1911 legte der deutsch-italienische Soziologe Robert Michels sein Hauptwerk Zur Soziologie des Parteiwesens in der modernen Demokratie. Untersuchungen über die oligarchischen Tendenzen des Gruppenlebens vor.

In dieser Studie untersuchte er Organisationen der deutschen Arbeiterbewegung, insbesondere die Sozialdemokratie, und verglich sie mit entsprechenden Organisationen in anderen Ländern. Die Schlussfolgerung aus diesen Untersuchungen war das Eherne Gesetz der Oligarchie (ehern = eisern im Sinne von ewig andauernd). Man kann dieses Gesetz meines Erachtens auch auf andere Organisationen als Parteien und Gewerkschaften anwenden (Und meines Wissens nach wurde dies in der soziologischen Forschung auch gemacht.)

Was besagt dieses Gesetz?

  1. Große Organisationen kommen nicht ohne eine Bürokratie aus. Sie brauchen diese, um effizient arbeiten zu können.
  2. Mit zunehmender Größe der Organisation weitet sich die Bürokratie aus und ihre Macht nimmt zu.
  3. Mit der zunehmenden Macht korrumpieren die Machtträger und benutzen die Organisation zunehmend für ihre Interessen.

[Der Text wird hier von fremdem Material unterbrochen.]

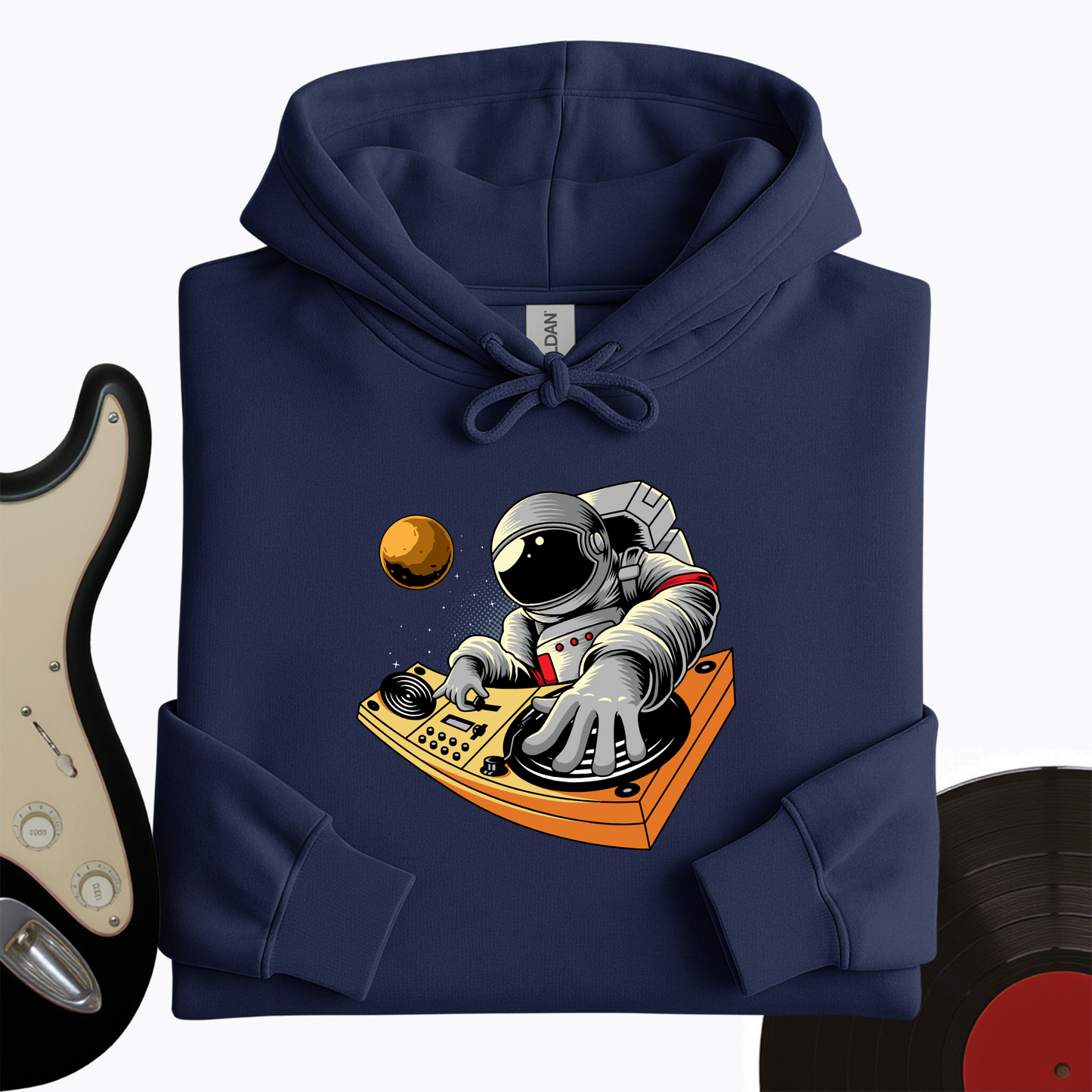 Pastel DJ Hoodie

Anders formuliert: Die Bürokratie dient nicht mehr der Organisation und deren Zweck, sondern die Organisation dient der Bürokratie und deren Interessen.

Oder um es mit den Worten von Rudolf Michels zu sagen:

„Wer Organisation sagt, sagt Tendenz zur Oligarchie. Im Wesen der Organisation liegt ein tief aristokratischer Zug“ (Michels, S. 33).

Beim rbb konnte man dies geradezu mustergültig beobachten: Die Intendantin und der engere Führungszirkel benutzten die Organisation ziemlich skrupelos für eigene Interessen. Ich erspare mir die detaillierte Aufzählung der Vorwürfe. Sie sind ja durch die vielen Presseberichte ohnehin den meisten Lesern bekannt.

Ich glaube nicht, dass Patricia Schlesinger und das Verhalten des um sie gescharrten Führungszirkels eine große Ausnahme ist. Ich bin mir sicher: Man wird ganz ähnliche Verhältnisse in den anderen Rundfunkanstalten finden. Beim NDR kracht es aktuell im Funkhaus Kiel wegen der Zensur der Berichterstattung über die Entlassung eines Ministers der schleswig-holsteinischen Landesregierung. (Details dazu siehe im Bericht der NachDenkSeiten hier). Am Wochenende wurden weitere Vorwürfe bekannt, die das NDR-Funkhaus in Hamburg betreffen (die Meldung siehe hier).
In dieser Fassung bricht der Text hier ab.